◆ What you will do ◆
At the line with "That's all for", start transcribing; stop after the last line of the data below. Keep it exact and leave pictures out.

◆ Dataset entries ◆

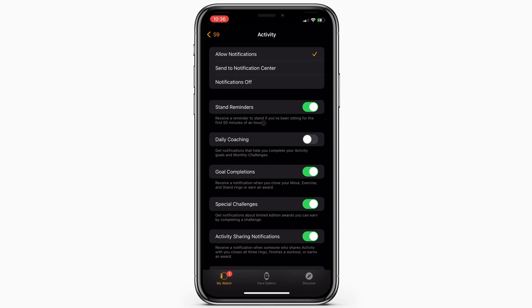My first instinct is always to go to my notification settings for this, but the Stand Up Reminder is actually hidden here.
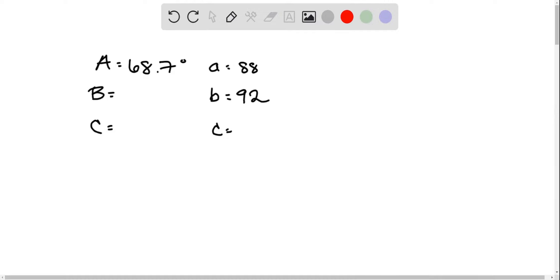For this problem, we are trying to find the missing information given what we are given in this triangle, and to do that we're going to use the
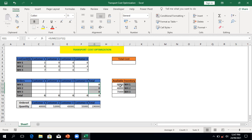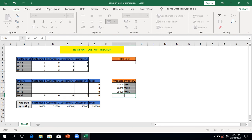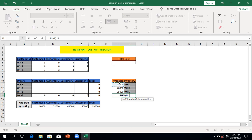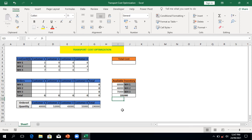We have 68,000 products available in warehouse one, 48,000 in warehouse two, and 75,000 in warehouse three. Let me also get the total of these available products using a SUM formula — that gives us 191,000 total products across all warehouses. And if you sum all the orders by all customers, you get 190,000. That's great.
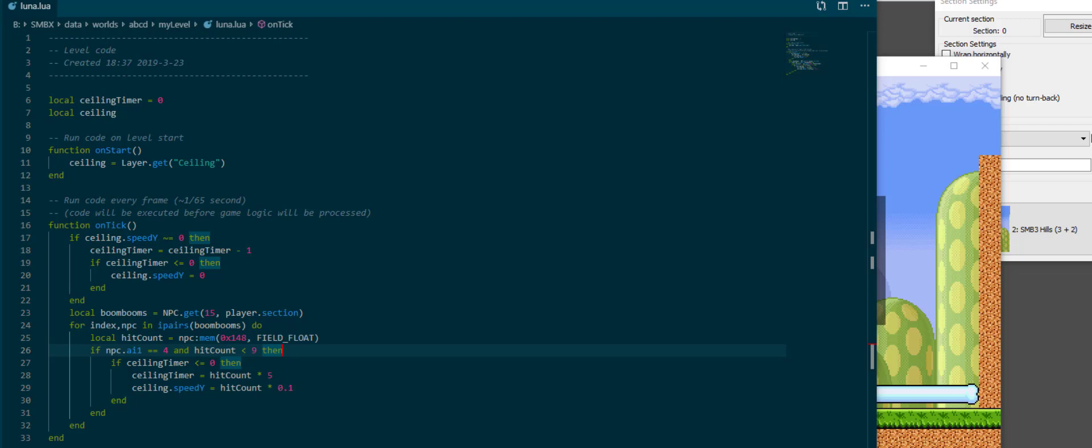So ideally we would run that for each boom boom individually if we want to do something, but for that I really want to have a more useful application. Since this is already pretty long, I want to move that off into the next episode where we will look at PNPC, which is the first library we're going to use in this tutorial series and which is going to allow us to make variables that persist with each npc individually. I hope you learned something today and I'll see you in the next episode.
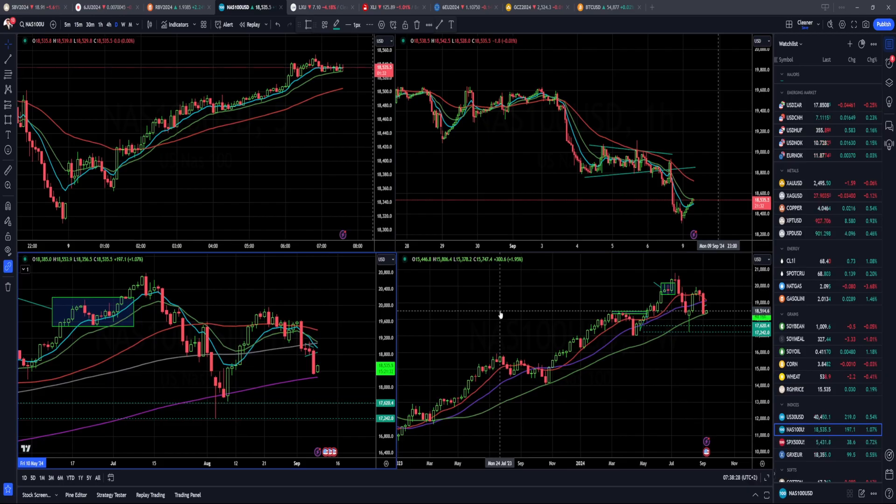That's all for this InstaForex daily market analysis. Have a good trading day and speak to you soon. Bye.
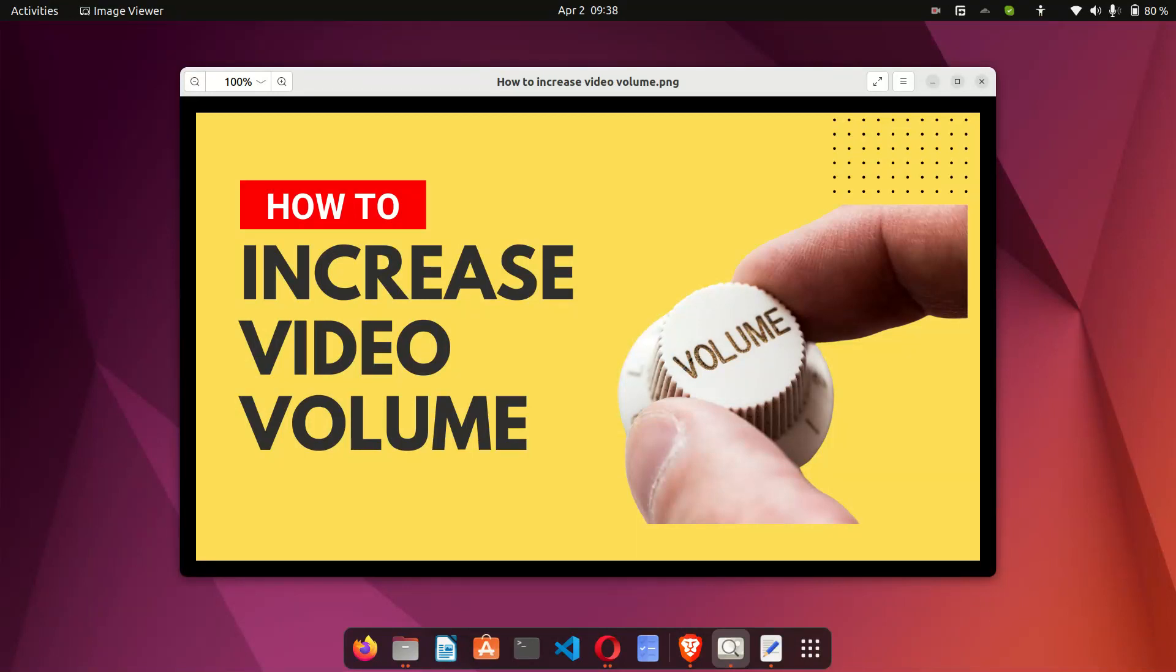Hi guys, welcome to my channel. This is Joe and in this video I'm going to show you how to increase the volume of your videos. If you are like me, once in a while you will make a video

◆ Exercise output ◆
That's all for this InstaForex daily market analysis. Have a good trading day and speak to you soon. Bye.
Hi guys, welcome to my channel. This is Joe and in this video I'm going to show you how to increase the volume of your videos. If you are like me, once in a while you will make a video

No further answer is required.